A new report published by NASA seemingly contradicts the 2013 Intergovernmental Panel on Climate Change report, which indicated a net loss of Antarctic land ice.
The general consensus amongst the scientific community historically has been in agreement on the overall data supporting the assumption Antarctica is recording net losses in the Antarctic Peninsula, as well as the Thwaites and Pine Island region of Western Antarctica. However, a new report published by NASA has sparked some contention, in that it indicates Antarctica may not be recording net losses after all.
The focus of NASA’s study included observation of the East Antarctic shelf and an accumulation of snow which began nearly 10,000 years ago. The last Ice Age coincided with a warming of the air, this contributed to a process which would then carry moisture across Antarctica, and contribute to an accumulation of snow in the Eastern shelf, continuing to the present day.
This continual accumulation of snow appears to be adding enough ice to offset the overall losses in other areas of Antarctica. The report concludes ice losses associated in the Western Antarctic coastal regions, and Antarctic Peninsula to be estimated in the range of 65 billion tons per year, while the continual accumulation of snow in the East Antarctic, estimated to contribute and account for 200 billion tons per year. Additional verification of core samples provides evidence ice thickness has been increasing in Eastern Antarctica for quite some time.

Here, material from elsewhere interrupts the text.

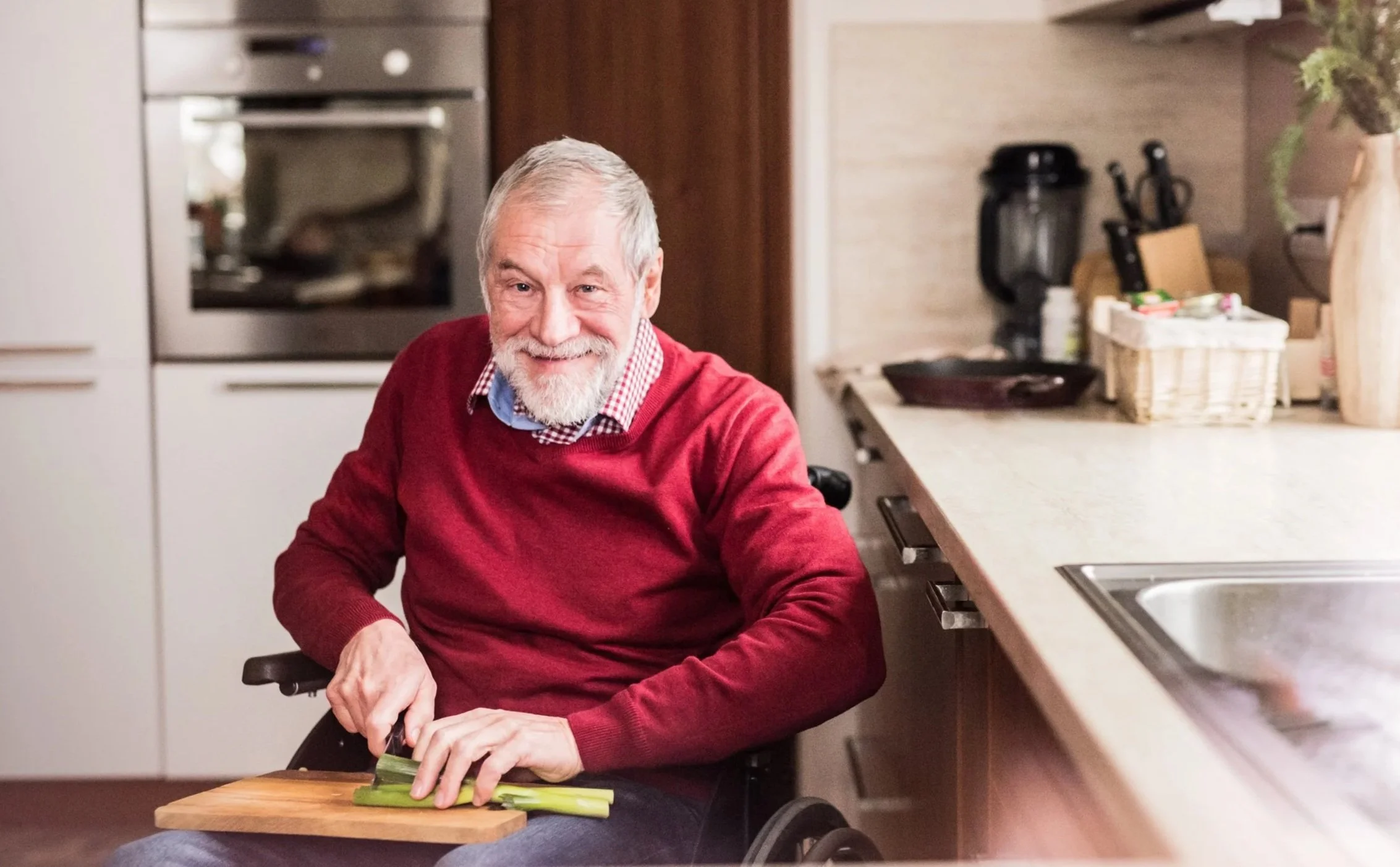 An elderly man with a white beard wearing a red sweater and checkered shirt, sitting in a wheelchair, chopping celery on a wooden cutting board in a kitchen.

The contention amongst the scientific community, surrounding the ice losses associated in Antarctica, highlights the complexity of measuring ice thickness across tremendous swaths of land utilizing altimetry. As one is measuring data on a large scale, with a particular assumption in place, it is important to consider other areas of ice shifting which may not be readily apparent. While the research being conducted was intent upon focusing on ices losses associated in the Western Antarctic coastal regions, and Antarctic Peninsula, accumulation in the Eastern Antarctica ice shelf was not taken into account, which may contain a significant contribution to the overall discussion surrounding climate change.

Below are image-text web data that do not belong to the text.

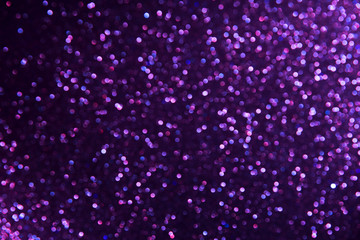Obraz premium Purple abstract bokeh background with defocused lights christmas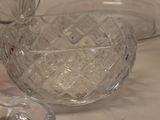 a glass bowl and a bowl with a spoon on a table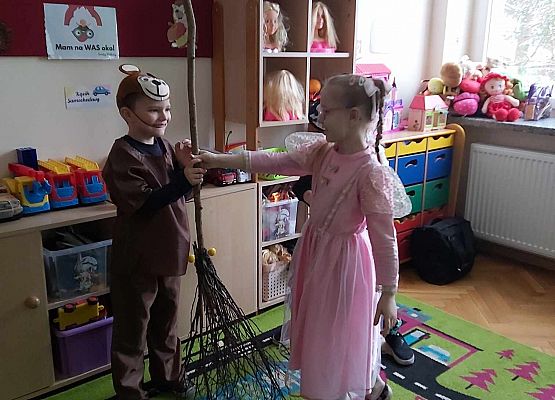dzieci trzymają miotłę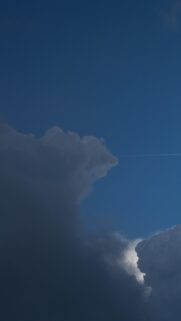 Minimalist Dark Blue Sky With Dramatic Storm Clouds Mobile Wallpaper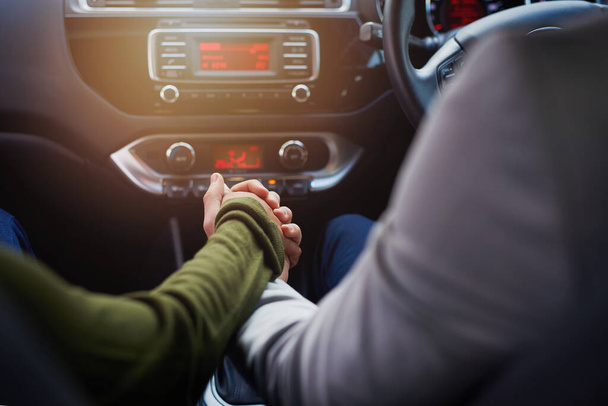 Das Leben ist eine Reise, die man am besten gemeinsam geht. Nahaufnahme eines Paares beim Händchenhalten während der Fahrt im Auto. - Foto, Bild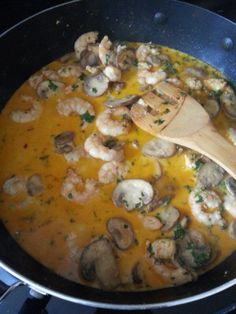 a skillet with shrimp and mushrooms cooking on the stove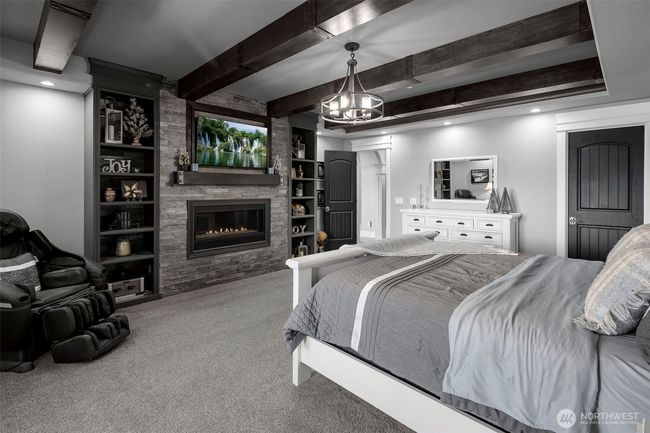 Primary room complete with beautiful fireplace and built ins. | Image 12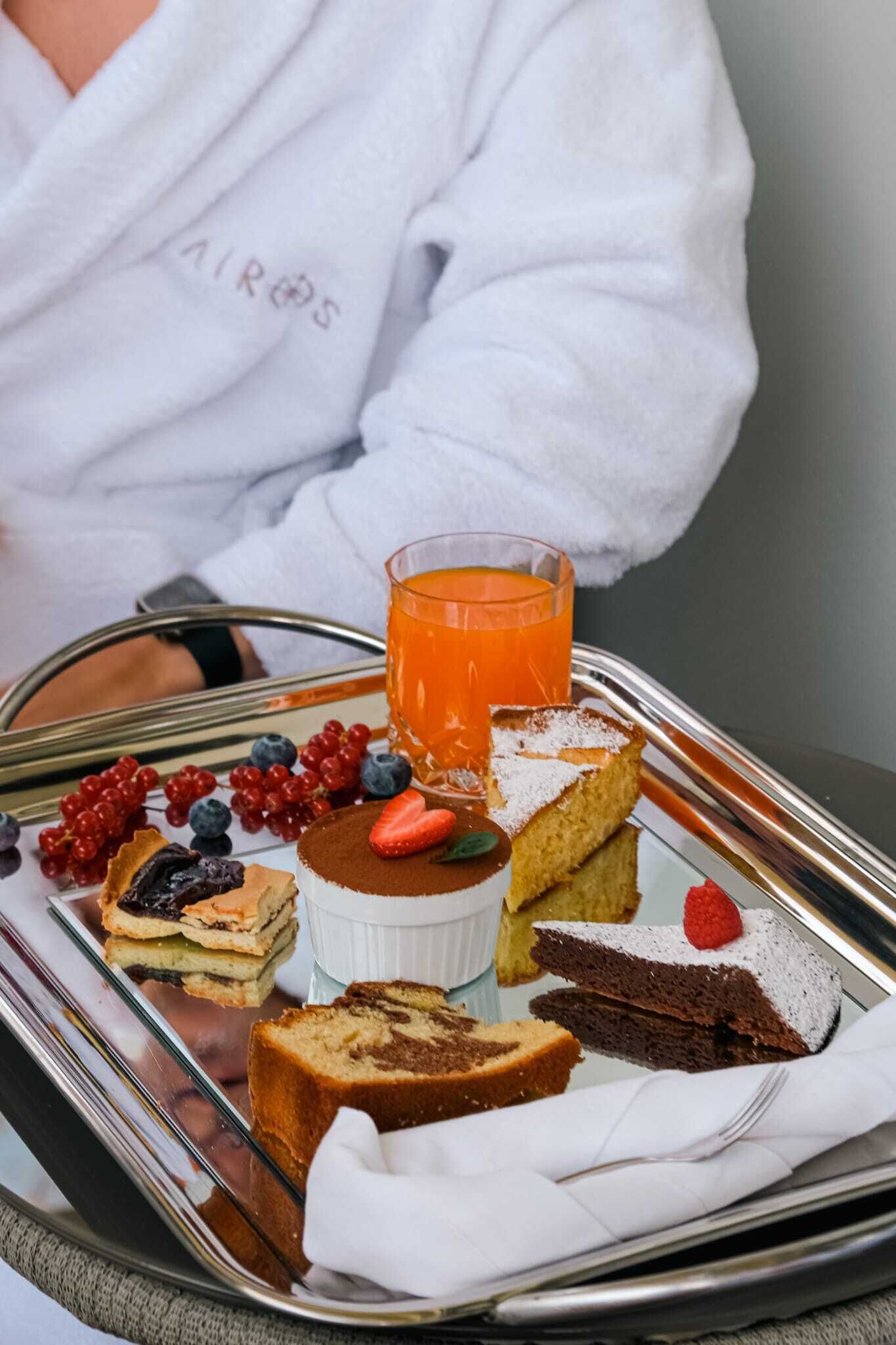 Un plateau contenant divers desserts et un verre de jus d’orange.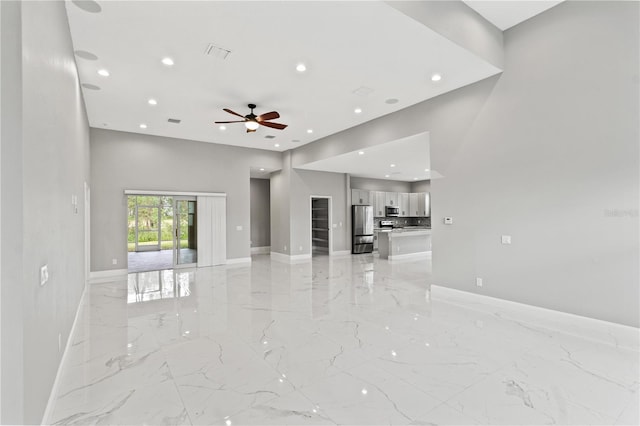 unfurnished living room featuring visible vents, baseboards, ceiling fan, marble finish floor, and recessed lighting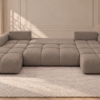 Rozłożona sofa U w ciepłym taupe Narożnik z funkcją spania i pojemnikiem Milo U beżowy boucle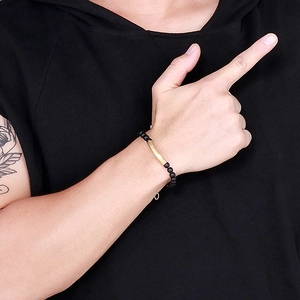 Detail of men's matte black onyx beaded bracelet with curved gold metal tube on wrist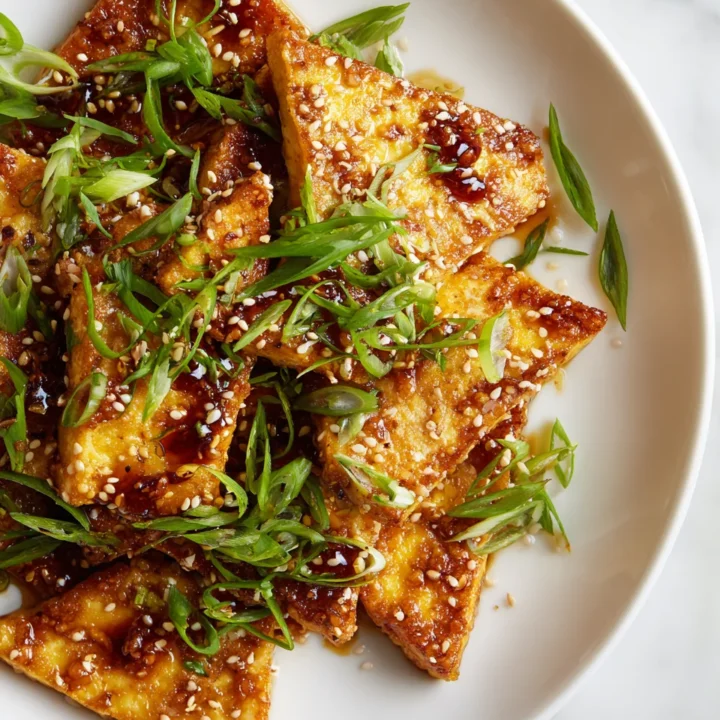 Crispy pan-fried soy tofu served with garnish, a perfect vegan dish packed with umami flavor.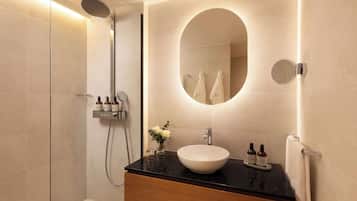 A modern bathroom with a large oval mirror, a round sink, and a shower area.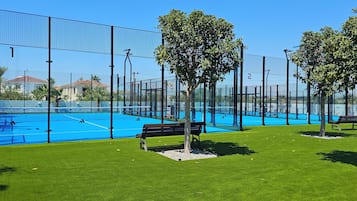 Un campo da tennis con una rete, circondato da una recinzione e panchine sull'erba.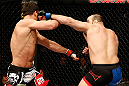STOCKHOLM, SWEDEN - APRIL 06:  (R-L) Ilir Latifi punches Gegard Mousasi in their light heavyweight fight at the Ericsson Globe Arena on April 6, 2013 in Stockholm, Sweden.  (Photo by Josh Hedges/Zuffa LLC/Zuffa LLC via Getty Images)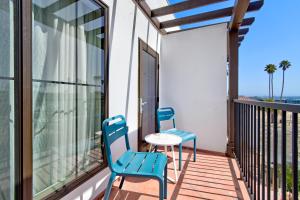 two blue chairs and a table on a balcony at Marea Sol Hotel in Santa Cruz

NASA is in the process of developing the successor the current ICESat mission, which is utilized to measure ice sheet changes in the Antarctic. ICESat 2 will contain newer technologies, aiding scientist in a more precise measurement of ice thickness, and potentially bring illumination as to the conflicting data amongst the scientific community.
Additionally, interestingly enough, a Newsweek article published April 28, 1975, highlighted the complexity amongst the scientific community to conclusively agree on the causations of climate change.